President Biden publicly urged Congress on August 12 to enact legislation to allow Medicare to negotiate on drug prices as a key component of his vision for reducing the high cost of prescription drugs.  Other reforms Biden called for include establishing a cap on out-of-pocket drug costs for Medicare beneficiaries, building on efforts to help states and Tribes to import lower-cost drugs from Canada, and accelerating the development and uptake of generic and biosimilar drugs.  Immediately following Biden’s remarks, PhRMA President and CEO Stephen Ubl issued a statement saying the president’s proposals would undermine access to life-saving drugs and shift drug costs to patients.

Chamber of Commerce Files Lawsuit over Insurer Price Transparency Rule

On August 10, the US Chamber of Commerce filed a lawsuit in the US District Court Eastern District of Texas to challenge a rule finalized by the previous administration in October 2020 that requires insurers to post pricing information in a machine-readable format online.  In the suit, the Chamber contends that the rule violates the Administrative Procedures Act and that the administration lacks statutory authority to require prices to be listed in a machine-readable format.  According to the Chamber, the price transparency rule has the potential to reduce competition and boost prices consumers pay by requiring insurers to post information that’s otherwise considered confidential.  On August 12, the Pharmaceutical Care Management Association filed a similar lawsuit in the US District Court of the District of Columbia challenging the price transparency rule.

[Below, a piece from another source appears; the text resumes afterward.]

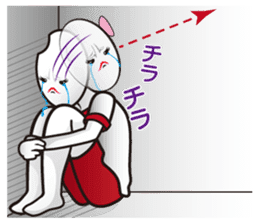 Rice girl: Fascinating emotions sticker #10179756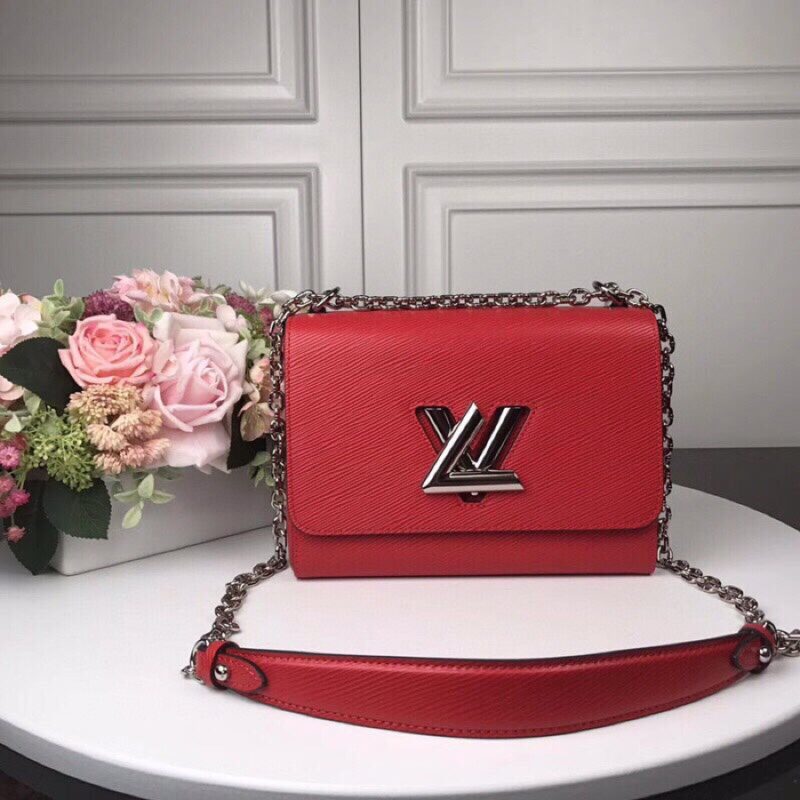 LV TWIST中号手袋红色 型号M50280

Senate Approves Bipartisan Infrastructure Bill, Kicks Off FY22 Budget Resolution Process

On August 10, the Senate voted 69-30 to approve a bipartisan $1 trillion infrastructure bill, moving forward a major component of President Biden’s agenda.  Passage of the infrastructure bill cleared the way for the Senate to adopt by a 50-49 vote its $3.5 trillion Fiscal Year (FY) 2022 budget resolution that contains key Democratic priorities around childcare, paid leave, climate change, and education.  The House is expected to return early from recess to approve the FY 2022 budget resolution during the week of August 23, which would unlock the budget reconciliation progress and allow the Senate to pass a final bill that only requires 50 votes.  The process to pass the larger measure could take months, however, and Sens. Joe Manchin (D-WV) and Kyrsten Sinema (D-AZ) have started to say  they will not support $3.5 trillion in spending.

AAP Calls for FDA to Accelerate EUA of COVID Vaccine for Kids under 12

In an August 5 letter, the American Academy of Pediatrics (AAP) urged the FDA to authorize the emergency use of COVID-19 vaccines for children under age 12 “as soon as possible” due to a rise in pediatric COVID-19 cases sparked by the Delta variant.  According to AAP, FDA should use the clinical trial data it already has collected on the Pfizer and Moderna vaccines to move forward on expanding the emergency use of the vaccine instead of waiting for six months of follow-up data due to “changes in the risk-benefit analysis” posed by the Delta variant.  AAP also noted that cases of myocarditis in adolescents and young adults are “extremely rare” and do not necessitate the collection of additional data to expand the EUA.

ICYMI: Congressional Staff Express Interest in Telework, Flexible Arrangements

Even though a number of congressional staffers have returned to in-person work in Washington, some staffers are calling for their bosses to consider making telework or hybrid work arrangements permanent.  According to some proponents, more telework opportunities could provide relief to employees with childcare responsibilities, help with employee retention, or provide opportunities to staff who can’t physically be in the Washington, DC area.